Well that is okay cos the coin is deciding never to use coin flips again. And if we flip again:

That is fine we just ignore it.

But what about: Shall I obey the next coin flip?


So the decision is that I should not obey this coin flip. But if I do not obey it and ignore it then I am actually obeying it. I'm stuck.

So its incredibly easy to cause a contradiction through self-reference. In the real world its just a system that can't get a stable answer. Suppose a Turing Machine with the following rules:

δ(q0, 0) = (q1, 1, →)
δ(q0, 1) = (q1, 0, )
δ(q1, 0) = (q0, 0, )
δ(q1, 1) = (q0, 1, ←)

Or in this online TM the following program:

0 0 1 r 1
0 1 0 r 1
1 0 0 l 0
1 1 1 l 0

Recording the last move in the state means its easy to step back from the second position and loop.

So that is essentially what a contradiction is.
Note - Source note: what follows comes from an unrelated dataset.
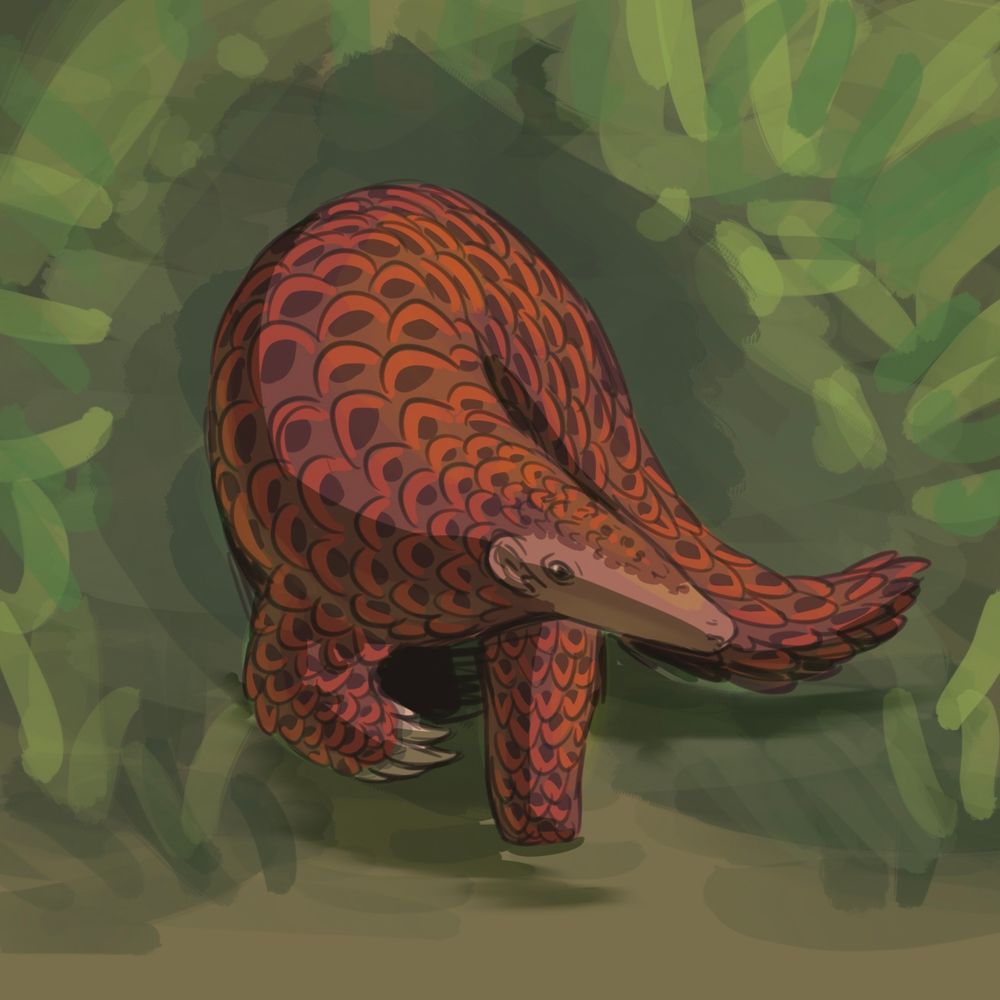 A digital drawing of a Giant Asian Pangolin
A system that keeps contradicting itself and never stabilising. It doesn't Halt.

Now Turing was able to show that there is no Turing Machine that can decide whether another Turing machine will Halt. The problem is that it can't tell if it will Halt itself, and worse if there was such a TM you could use it to loop if it said it should not loop. That is literally isomorphic with the coin flip above or "I am false" liar paradox.

So that maps onto saying that there is no system that can tell if another system is a contradiction because it can't tell if it would be a contradiction (more accurately if it could, then you can engineer a contradiction).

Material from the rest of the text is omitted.